Un candidat à la médaille Henry Dunant à titre posthume sera évalué en fonction des critères exposés ci-dessus. Les médailles posthumes ne seront pas décernées automatiquement aux personnes qui ont perdu la vie au service de la Croix-Rouge ou du Croissant-Rouge, mais seront réservées à celles qui se sont personnellement distinguées (voir point 1.3). En effet, il est important que ceux qui reçoivent la médaille sachent, de leur vivant, que leurs pairs ont reconnu la valeur de leur contribution humanitaire et les considèrent comme des exemples pour les autres.

     

  3. Distinction en hommage aux membres du Mouvement tués dans l’accomplissement de leur mission  

Étant donné le nombre croissant des bénévoles et des délégués qui sont tués ou gravement blessés au cours d’une mission, la Commission permanente encourage chaque composante du Mouvement à instaurer sa propre médai lle ou une autre forme de reconnaissance pour honorer ceux qui ont sacrifié leur vie ou leur santé à la Croix-Rouge ou au Croissant-Rouge. Les principaux critères sont les suivants :

3.1  Critères à prendre en compte pour honorer des membres du Mouvement blessés ou tués en mission  

Maintes opérations humanitaires se déroulent dans des endroits dangereux, que ce soit dans une situation de conflit ou au lendemain d’une catastrophe naturelle ou technologique. Heureusement, nombreux sont les membres de la Croix-Rouge ou du Croissant-Rouge qui, ayant rencontré des conditions de travail périlleuses, ont survécu à de graves incidents liés à l’insécurité.

S’il est difficile d’établir des critères absolus en ce qui concerne l’octroi d’une distinction à une personne décédée ou gravement blessée, il convient toutefois de faire une distinction entre les accidents et les assassinats. Ainsi, il convient d’honorer ceux qui sont morts ou ont subi un grave préjudice physique ou psychologique dans l’accomplissement de leur mission (par exemple, meurtre, blessure causée par un combattant, acte de banditisme, prise d’otage, viol, accident lors d’une opération de secours au cours d’une catastrophe naturelle ou technologique). Un décès, une blessure non prémédités, mais provoqués par une mine, une balle perdue, notamment, pourraient aussi être considérés comme dignes de reconnaissance.
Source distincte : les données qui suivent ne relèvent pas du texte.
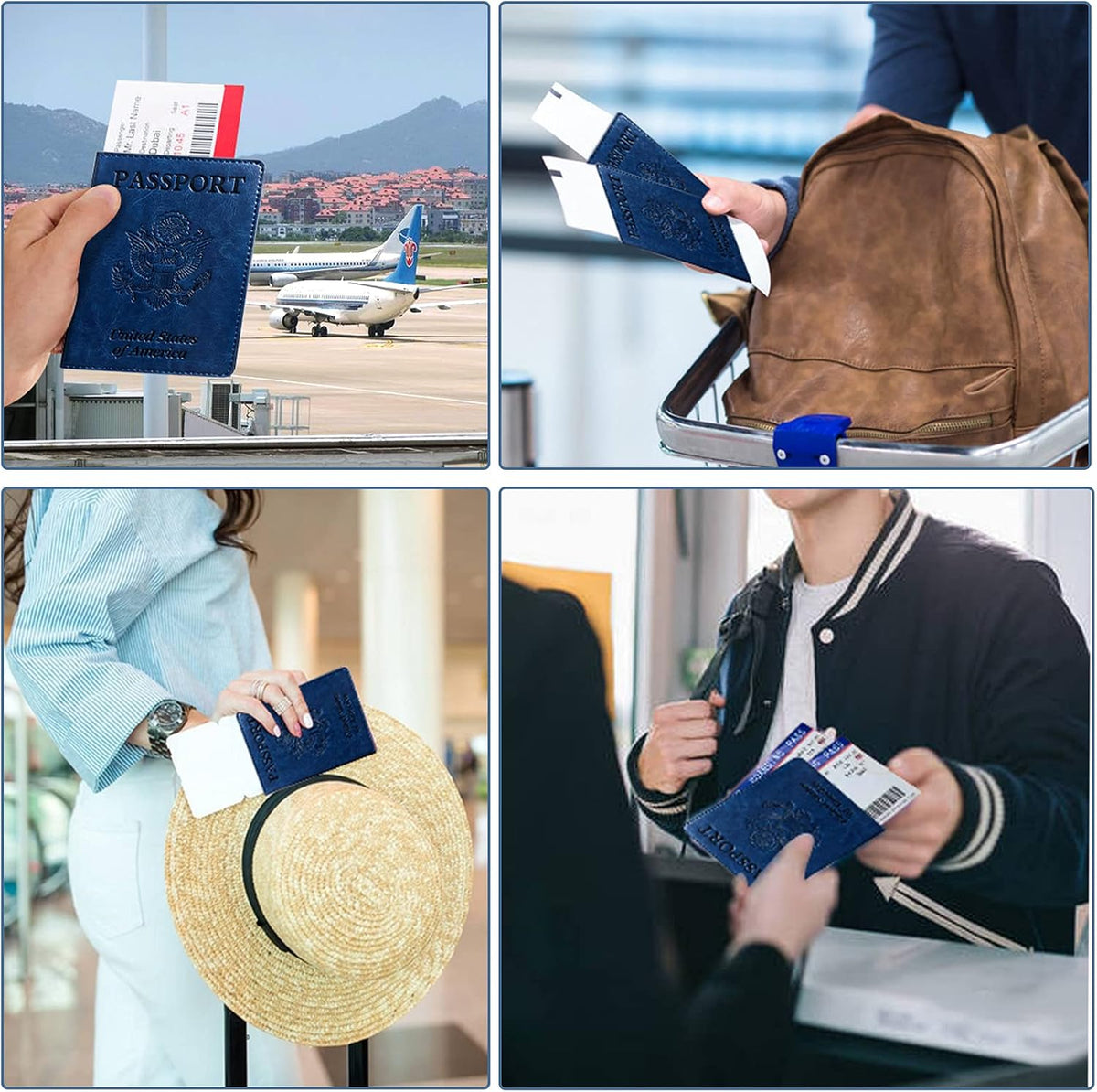 Passport Holder Wallet Cover Case RFID Blocking Slot Travel Accessories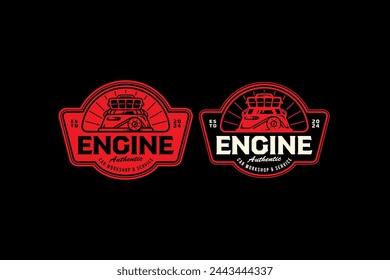 car engine logo design for automotive service, garage, parts and racing company business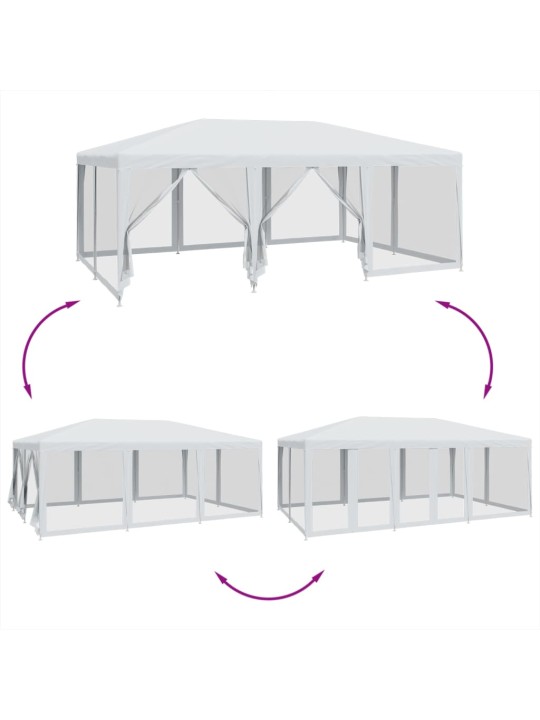 Party stan s 10 síťovanými bočnicemi bílý 6 x 4 m HDPE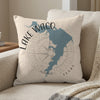 Cream pillow with blue Lake Waco map and compass design, text reads "LAKE WACO TEXAS".
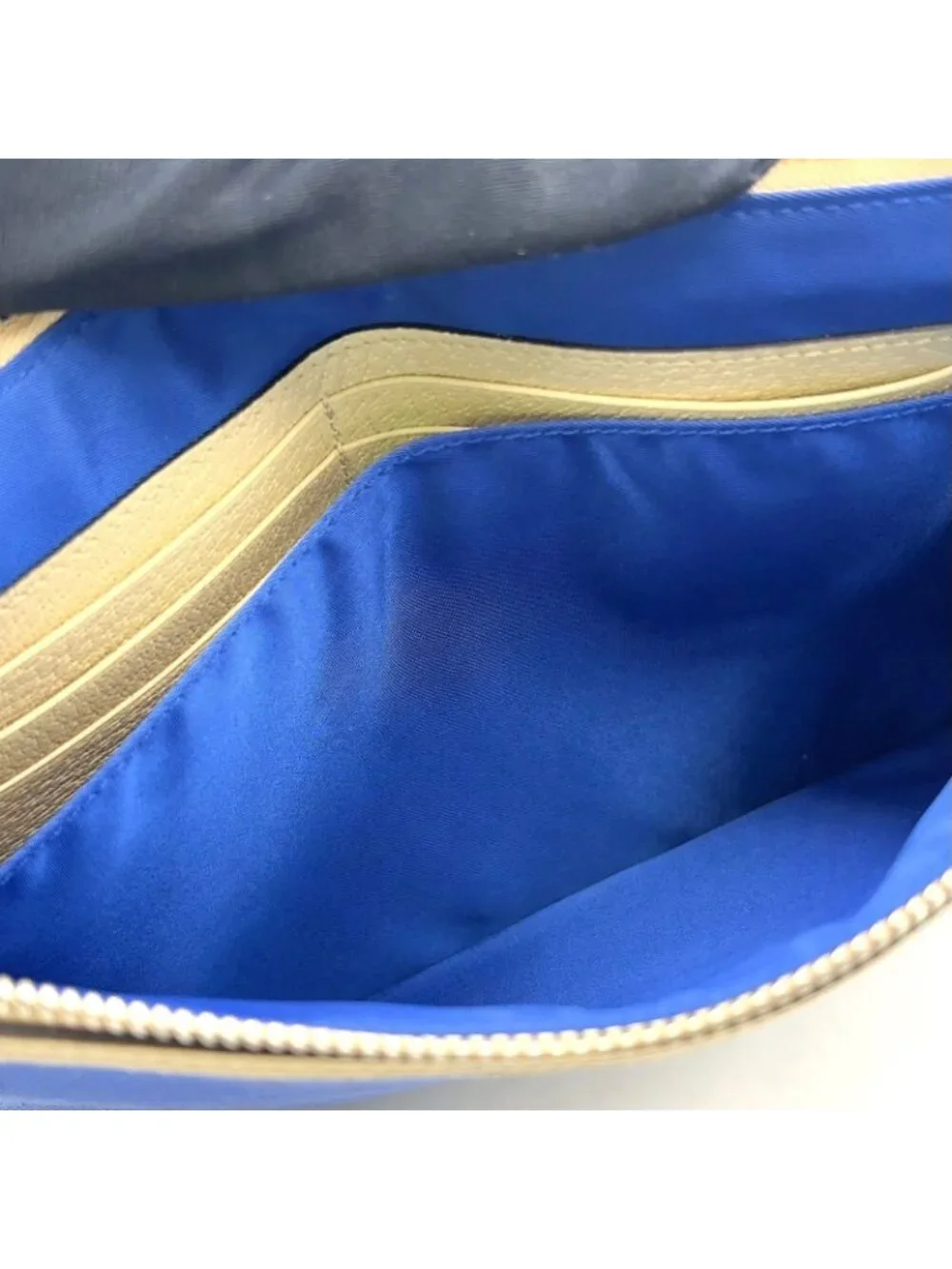 Gucci Off the Grid GG Pattern Leather Nylon Ivory Blue Clutch Silver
3.2  Type de distinction  

La distinction qui est décernée aux personnes blessées ou tuées en mission ne doit pas nécessairement prendre la forme d’une médaille. Celle-ci pourrait être remplacée par un document écrit, comme un certificat de reconnaissance, et une cérémonie qui serait publique avec couverture médiatique. En effet, la publicité donnée à la distinction accordée est un aspect important d e la reconnaissance que la Croix-Rouge ou le Croissant-Rouge témoigne à ses membres, qui prennent souvent des risques pour autrui.

     

  4. Conclusion  

La Commission permanente attribuera la médaille Henry Dunant aux membres du Mouvement, conformément à l’objet et aux critères définis dans le règlement, tels qu’ils sont interprétés aux points 2 et 3 du présent document. En outre, elle recommande à chaque composante du Mouvement de créer sa propre distinction honorifique, afin de rendre hommage à ses membres qui sont morts ou ont subi un grave préjudice physique ou psychologique dans l’accomplissement de leur mission.

  Notes:  

1. Sociétés nationales de la Croix-Rouge et du Croissant-Rouge, Fédération internationale des Sociétés de la Croix-Rouge et du Croissant-Rouge, Comité international de la Croix-Rouge.

2. Voir les lettres circulaires adressées les 27 novembre 1994 et 15 novembre 1996 par la Commission permanente aux Sociétés nationales, concernant l’attribution de la médaille Henry Dunant.

3. Voir articles 1, 2, 5 et 6 du Règlement.